Republicans wasted little time in getting the agents to offer unvarnished views that undercut much of the Biden administration’s claims.
The two agents said catching and releasing migrants into the U.S. encourages even more to make the journey. They confirmed estimates of massive numbers of illegal immigrants who the Border Patrol knows entered but were never caught, and acknowledged the dangers lurking in others whom agents never even detected.
They directly undercut Mr. Biden’s and Mr. Mayorkas’ insistence that more border wall isn’t needed.
Chief Chavez said the wall system serves as a force multiplier, meaning it takes fewer agents to patrol the border because they have more awareness thanks to sensors and can get to breaches faster thanks to the roads.
Chief Modlin said when he was a younger agent in San Diego, the U.S. side of the border was “uninhabitable” because “thousands of people” came across every night and property crime rates were high.
Eventually, a double wall was built and more agents were deployed, and he said the situation changed dramatically.
“If you look at it now, there’s very expensive homes in those areas and the community flourishes in an area that at one time was uninhabitable,” he said.
Democrats said Republicans were spinning “a false narrative” by holding the hearing.
Rep.

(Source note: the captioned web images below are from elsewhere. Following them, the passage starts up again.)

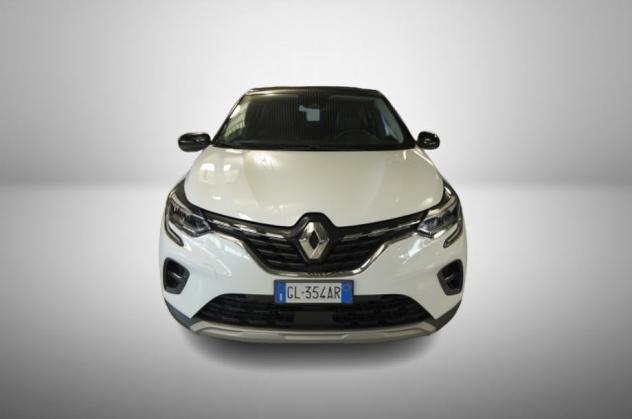 Renault Captur II 2019 1.6 E-Tech phev Intens 160cv auto my21 - Foto 6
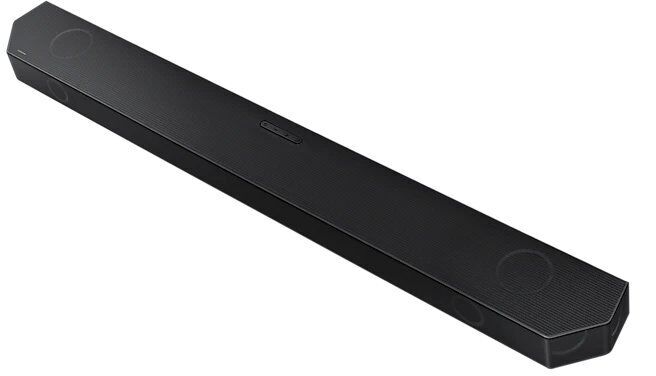 Samsung HW-Q990B Soundbar | black 3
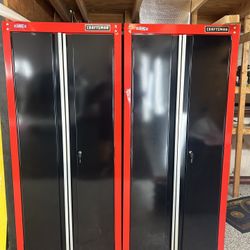 Storage Tools Garage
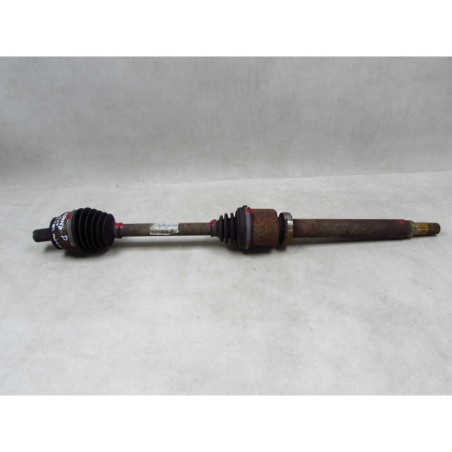 VOLVO S60 II V60 V70 1.6 D2 12- POLOS POLOSKA PRAWA DLUGA PRZOD 31259788 6G91-3B436-FD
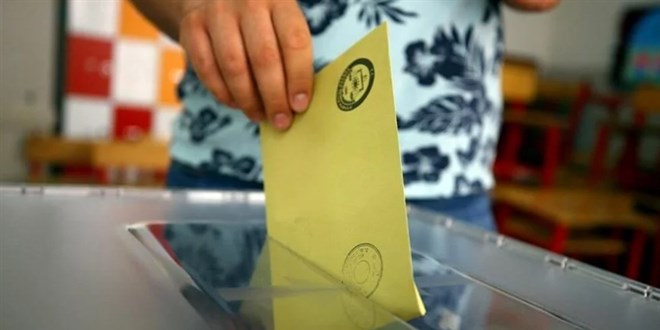AK Parti'nin Listesinde Bakanların yeri belli oldu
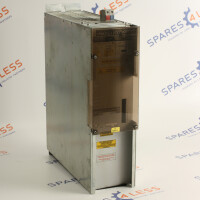 INDRAMAT AC Servo Line Former NAM 1.2-15 REM
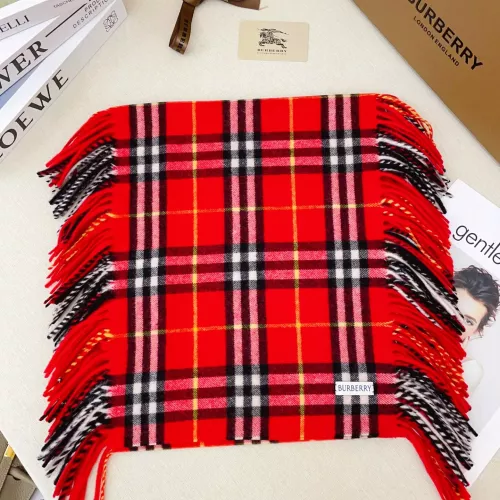 Wholesale Burberry Scarf #1380015 $68.00 USD, Wholesale Quality Replica Burberry Scarf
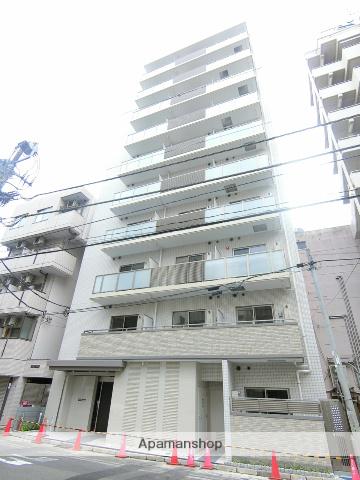 SHOKEN RESIDENCE横浜伊勢佐木町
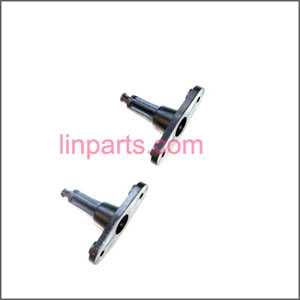 LinParts.com - LH-LH1201 Spare Parts: Fixed set of the head cover - Click Image to Close
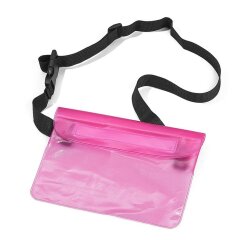 Влагозащитный чехол UniCase Amaze Bag - Pink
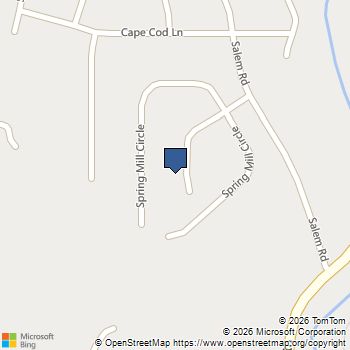 5690 Mill View Way Lithonia, GA MLS# 10798838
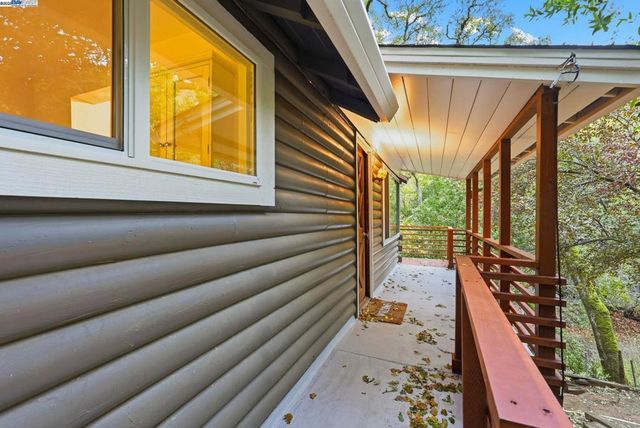 2929 Kilkare Rd, Sunol, CA 94586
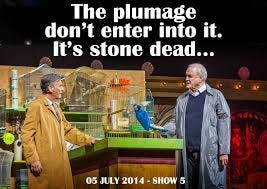 Monty Python - Happy Show 5 (1st Anniversary)! | Facebook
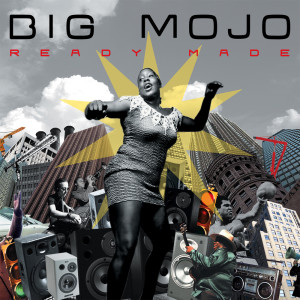 收聽Big Mojo的Hodoo Jive歌詞歌曲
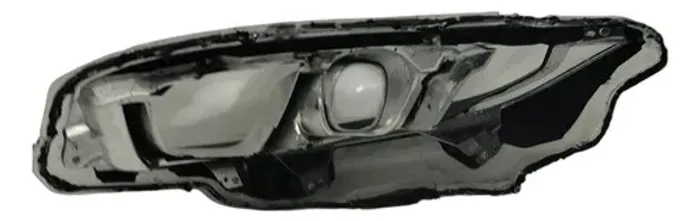 Lente Farol Direito Honda Civic G10 2017 2018 2019 2020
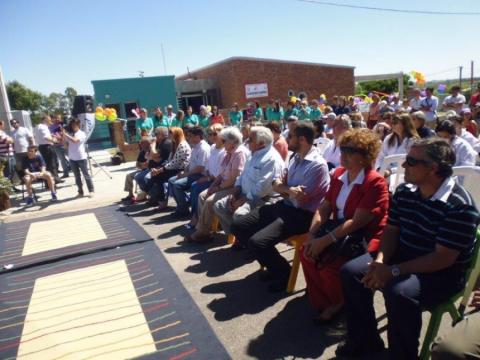 CAIF Haciendo Caminos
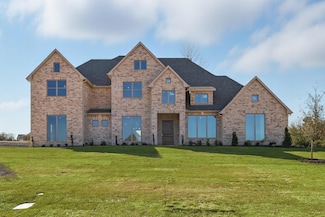 309 Stoney Creek Blvd, Sunnyvale, TX 75182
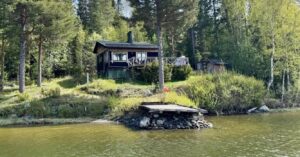 Huis kopen in Zweden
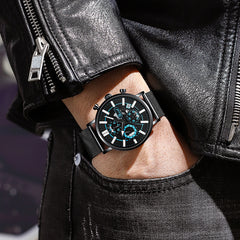 Men's Mechanical Watches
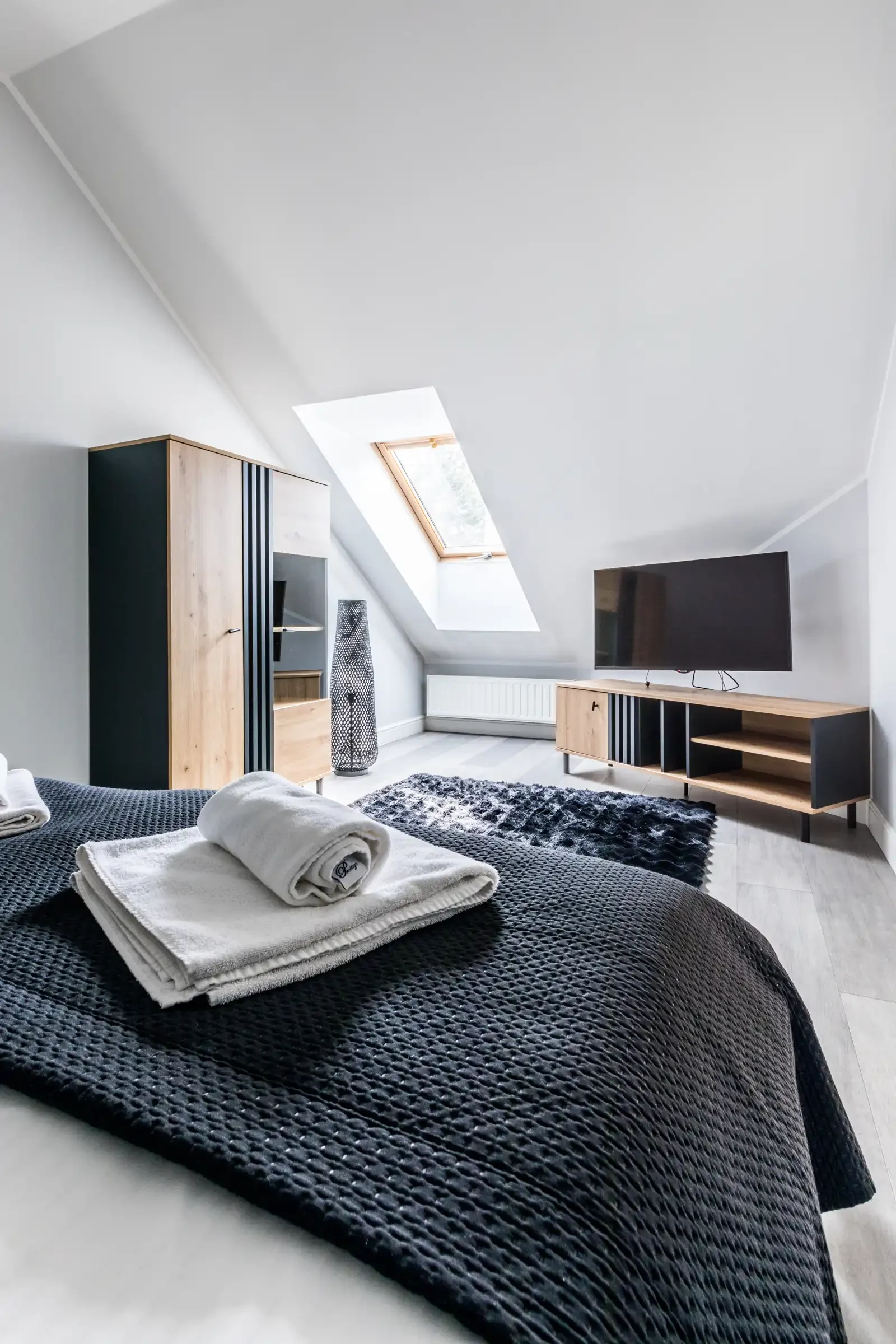Apartament Lodowy-Zakopane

Melanie Stansbury, New Mexico Democrat, said Republicans were aiming for “cable TV” moments instead of solutions by tying illegal immigration to broader issues of border security and the record amounts of fentanyl that are flowing across the U.S.-Mexico boundary.
“We should not be playing politics with people’s lives,” she said.
She accused the Trump administration of having broken the immigration system by putting too many illegal immigrants in detention and trying to block newcomers who want to file asylum claims.
Several Democrats pointed to Republican votes last year against a government spending bill that included 300 more Border Patrol agents, as well as more money to welcome and resettle the illegal immigrants into communities.
The Twitter account for the Democrats on the committee accused Republicans of spinning “white nationalist conspiracy theories.”
The White House issued a memorandum saying Republicans “want to make things worse at the border.”
Mr. Comer, the committee chairman, said the hearing was the first time since Mr. Biden took office that Congress has heard from agents on the front lines.
“I don’t understand how two front-line Border Patrol agents coming before this committee would make things worse,” he said.
Rep. Byron Donalds, a Black Republican from Florida, blasted Democrats for the White nationalism attack.
“I’m not doing that,” he said. “So if you feel that strongly, come walk over to this side of the room and let’s talk about it face to face. But leave that kind of silly stuff for somebody else. Don’t bring that here today. This stuff is serious.”